-- DATA SUPPLIED follows --
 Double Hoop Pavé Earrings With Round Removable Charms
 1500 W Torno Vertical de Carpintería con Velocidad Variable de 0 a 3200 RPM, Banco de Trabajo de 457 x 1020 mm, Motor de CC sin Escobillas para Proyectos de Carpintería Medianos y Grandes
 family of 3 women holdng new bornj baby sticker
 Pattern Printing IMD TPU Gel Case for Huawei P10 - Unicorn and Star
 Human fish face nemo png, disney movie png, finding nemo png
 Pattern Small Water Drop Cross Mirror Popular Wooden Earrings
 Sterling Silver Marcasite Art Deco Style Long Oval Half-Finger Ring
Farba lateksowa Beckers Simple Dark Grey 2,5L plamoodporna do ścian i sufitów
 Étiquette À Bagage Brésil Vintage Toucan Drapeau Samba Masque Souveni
-- DATA SUPPLIED concluded --
-- DATA SUPPLIED follows --
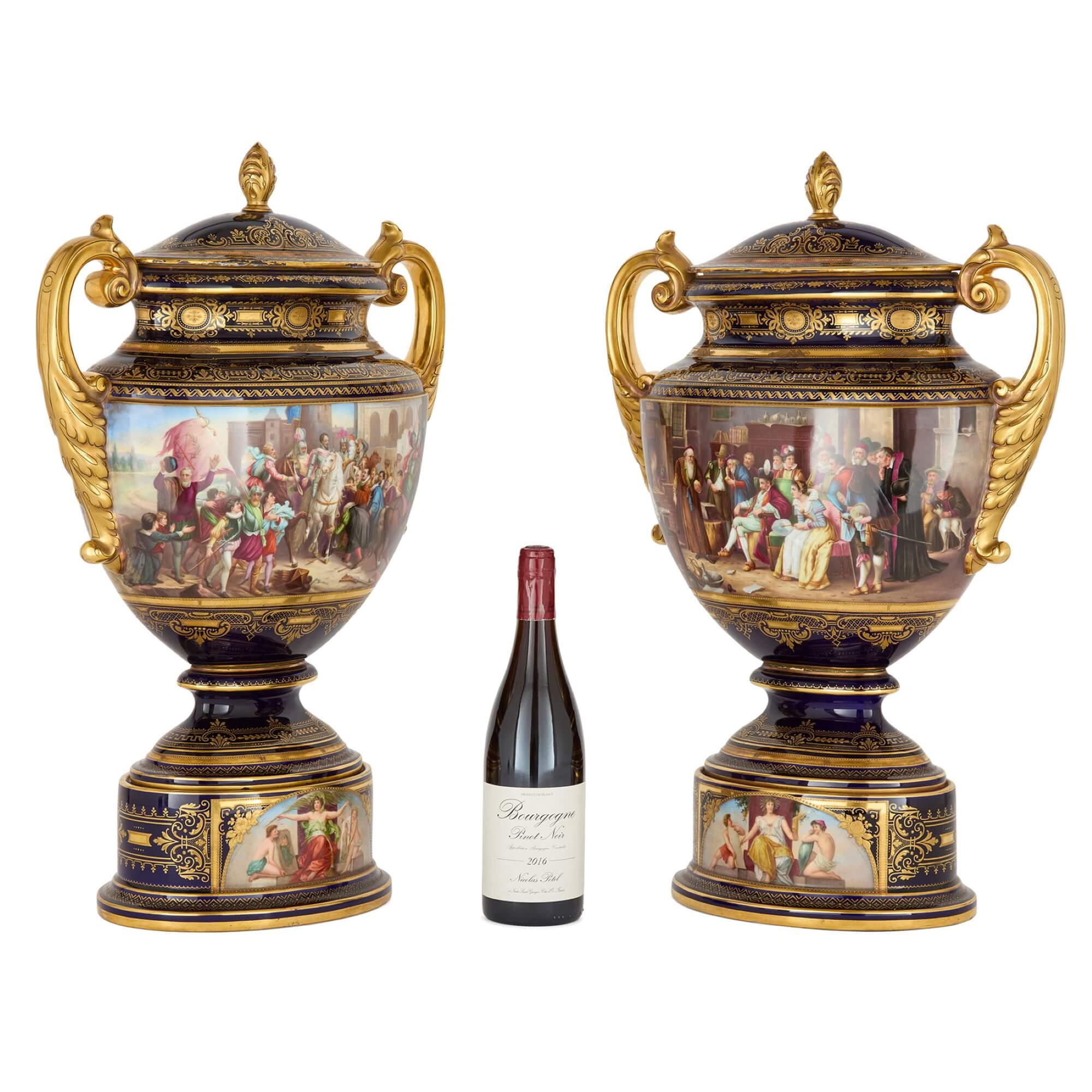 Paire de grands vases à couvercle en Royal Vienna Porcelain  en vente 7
-- DATA SUPPLIED concluded --
-- DATA SUPPLIED follows --
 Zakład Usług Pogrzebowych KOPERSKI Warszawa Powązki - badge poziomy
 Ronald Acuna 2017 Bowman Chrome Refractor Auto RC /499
-- DATA SUPPLIED concluded --
**ACTIVITY:** Repeat word for word the lines above that run from the line containing "Human fish face" through the line containing "Étiquette À Bagage", both ends included, and nothing else.

**ANSWER BELOW:**
 Human fish face nemo png, disney movie png, finding nemo png
 Pattern Small Water Drop Cross Mirror Popular Wooden Earrings
 Sterling Silver Marcasite Art Deco Style Long Oval Half-Finger Ring
Farba lateksowa Beckers Simple Dark Grey 2,5L plamoodporna do ścian i sufitów
 Étiquette À Bagage Brésil Vintage Toucan Drapeau Samba Masque Souveni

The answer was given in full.